- **TASK DESCRIPTION**: Transcribe the records word for word, leaving nothing out.

SUPPLIED MATERIAL Start Marker

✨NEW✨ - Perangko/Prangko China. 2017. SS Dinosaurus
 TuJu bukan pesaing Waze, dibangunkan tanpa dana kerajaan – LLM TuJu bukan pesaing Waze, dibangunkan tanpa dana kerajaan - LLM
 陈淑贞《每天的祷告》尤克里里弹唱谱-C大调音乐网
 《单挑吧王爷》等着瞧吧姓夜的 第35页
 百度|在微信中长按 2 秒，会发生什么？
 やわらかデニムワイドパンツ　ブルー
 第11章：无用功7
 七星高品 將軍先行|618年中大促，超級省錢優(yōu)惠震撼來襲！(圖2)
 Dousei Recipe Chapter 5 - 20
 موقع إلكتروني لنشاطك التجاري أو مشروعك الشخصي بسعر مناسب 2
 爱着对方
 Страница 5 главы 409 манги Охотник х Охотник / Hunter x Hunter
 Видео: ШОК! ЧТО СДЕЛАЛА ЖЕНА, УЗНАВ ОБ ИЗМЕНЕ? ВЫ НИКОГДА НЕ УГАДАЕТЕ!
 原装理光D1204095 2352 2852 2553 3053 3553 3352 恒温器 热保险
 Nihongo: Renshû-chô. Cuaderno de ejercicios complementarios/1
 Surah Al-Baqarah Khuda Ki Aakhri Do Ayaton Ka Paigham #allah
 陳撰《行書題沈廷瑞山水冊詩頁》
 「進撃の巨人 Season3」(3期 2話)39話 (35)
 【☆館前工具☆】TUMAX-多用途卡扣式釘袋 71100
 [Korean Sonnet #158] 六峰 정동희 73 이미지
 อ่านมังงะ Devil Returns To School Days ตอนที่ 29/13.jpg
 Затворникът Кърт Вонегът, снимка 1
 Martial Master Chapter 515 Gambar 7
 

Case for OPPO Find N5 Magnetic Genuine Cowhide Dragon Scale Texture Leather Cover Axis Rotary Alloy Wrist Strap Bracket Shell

SUPPLIED MATERIAL End Marker

- **TASK SOLUTION**:
✨NEW✨ - Perangko/Prangko China. 2017. SS Dinosaurus
 TuJu bukan pesaing Waze, dibangunkan tanpa dana kerajaan – LLM TuJu bukan pesaing Waze, dibangunkan tanpa dana kerajaan - LLM
 陈淑贞《每天的祷告》尤克里里弹唱谱-C大调音乐网
 《单挑吧王爷》等着瞧吧姓夜的 第35页
 百度|在微信中长按 2 秒，会发生什么？
 やわらかデニムワイドパンツ　ブルー
 第11章：无用功7
 七星高品 將軍先行|618年中大促，超級省錢優(yōu)惠震撼來襲！(圖2)
 Dousei Recipe Chapter 5 - 20
 موقع إلكتروني لنشاطك التجاري أو مشروعك الشخصي بسعر مناسب 2
 爱着对方
 Страница 5 главы 409 манги Охотник х Охотник / Hunter x Hunter
 Видео: ШОК! ЧТО СДЕЛАЛА ЖЕНА, УЗНАВ ОБ ИЗМЕНЕ? ВЫ НИКОГДА НЕ УГАДАЕТЕ!
 原装理光D1204095 2352 2852 2553 3053 3553 3352 恒温器 热保险
 Nihongo: Renshû-chô. Cuaderno de ejercicios complementarios/1
 Surah Al-Baqarah Khuda Ki Aakhri Do Ayaton Ka Paigham #allah
 陳撰《行書題沈廷瑞山水冊詩頁》
 「進撃の巨人 Season3」(3期 2話)39話 (35)
 【☆館前工具☆】TUMAX-多用途卡扣式釘袋 71100
 [Korean Sonnet #158] 六峰 정동희 73 이미지
 อ่านมังงะ Devil Returns To School Days ตอนที่ 29/13.jpg
 Затворникът Кърт Вонегът, снимка 1
 Martial Master Chapter 515 Gambar 7
 

Case for OPPO Find N5 Magnetic Genuine Cowhide Dragon Scale Texture Leather Cover Axis Rotary Alloy Wrist Strap Bracket Shell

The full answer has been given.